» Work instructions: In the entries below, find the line with "2020 Hyundai Elantra" and the line with "Dames Two-Piece Set". Repeat exactly everything between them, those two lines included, but not the pictures.

»»

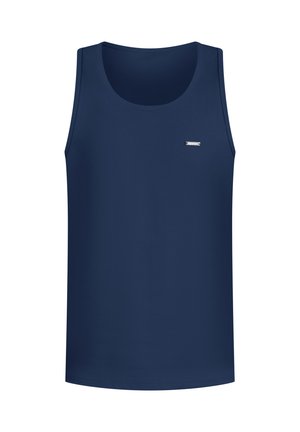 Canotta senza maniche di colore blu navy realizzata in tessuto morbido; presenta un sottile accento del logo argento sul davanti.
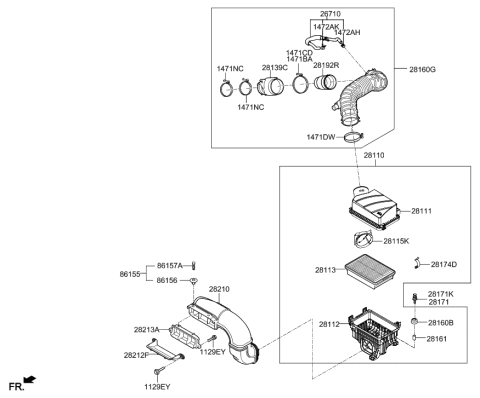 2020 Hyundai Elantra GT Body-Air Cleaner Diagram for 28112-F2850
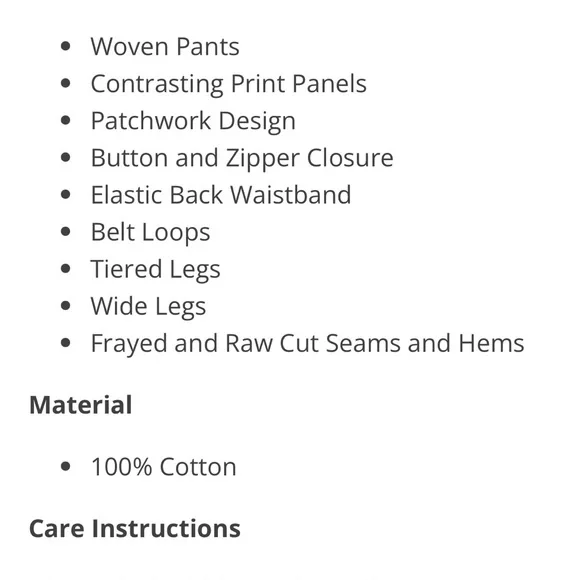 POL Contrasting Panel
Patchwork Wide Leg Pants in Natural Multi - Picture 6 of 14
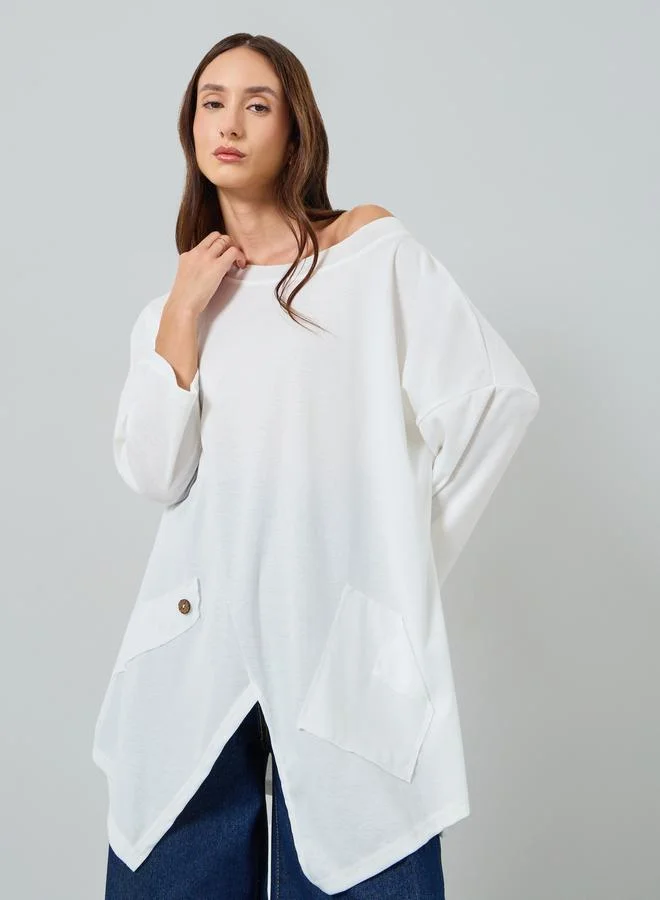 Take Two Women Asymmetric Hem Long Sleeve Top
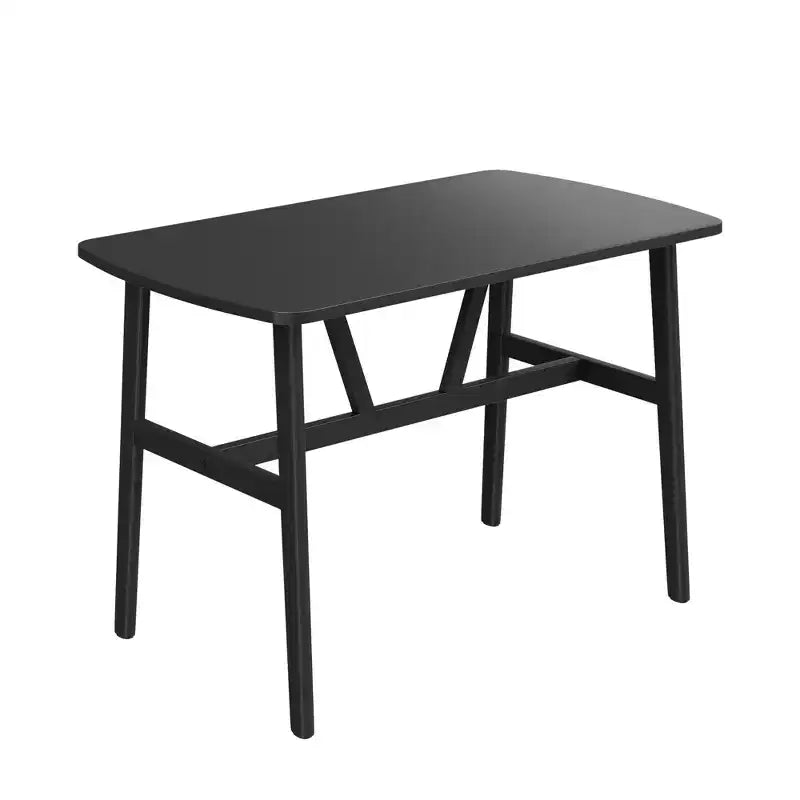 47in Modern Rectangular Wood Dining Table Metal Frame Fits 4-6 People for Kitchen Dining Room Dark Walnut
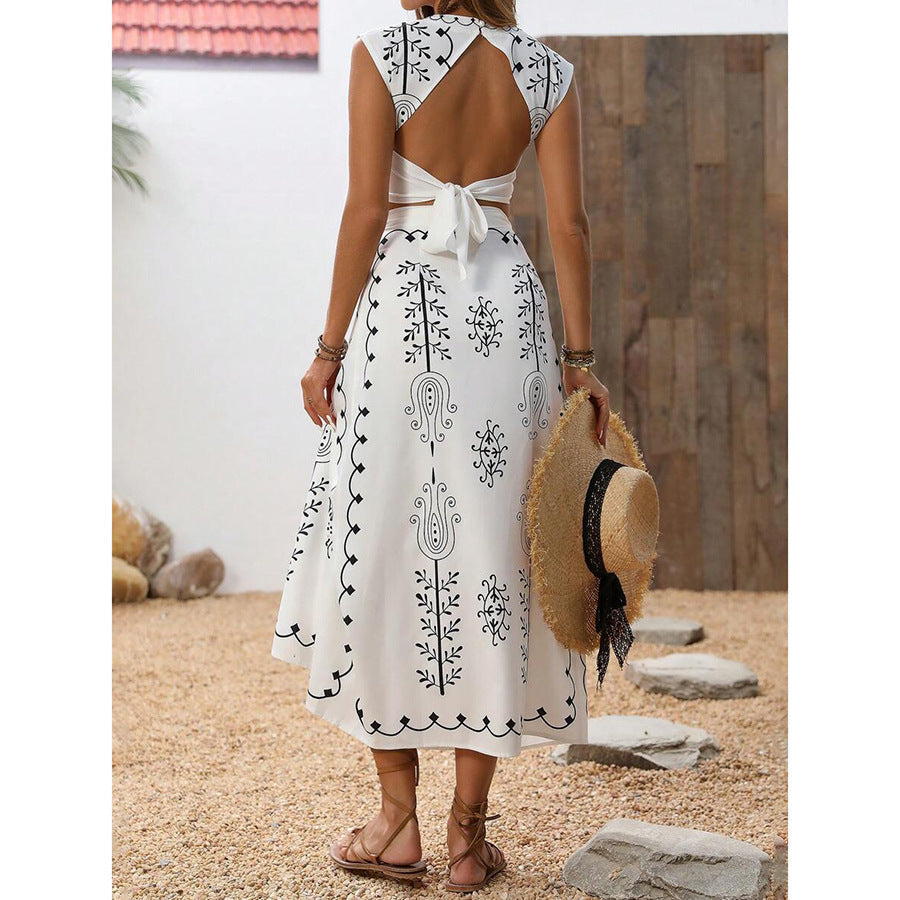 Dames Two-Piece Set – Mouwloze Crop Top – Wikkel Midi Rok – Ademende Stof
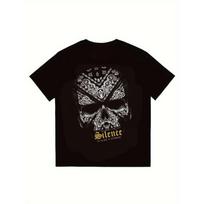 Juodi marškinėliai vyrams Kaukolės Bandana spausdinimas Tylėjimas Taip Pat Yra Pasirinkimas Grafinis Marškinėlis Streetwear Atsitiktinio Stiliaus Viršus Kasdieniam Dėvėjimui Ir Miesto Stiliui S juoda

««

» Result:
 2020 Hyundai Elantra GT Body-Air Cleaner Diagram for 28112-F2850
 POL Contrasting Panel
Patchwork Wide Leg Pants in Natural Multi - Picture 6 of 14
 Take Two Women Asymmetric Hem Long Sleeve Top
 47in Modern Rectangular Wood Dining Table Metal Frame Fits 4-6 People for Kitchen Dining Room Dark Walnut
 Dames Two-Piece Set – Mouwloze Crop Top – Wikkel Midi Rok – Ademende Stof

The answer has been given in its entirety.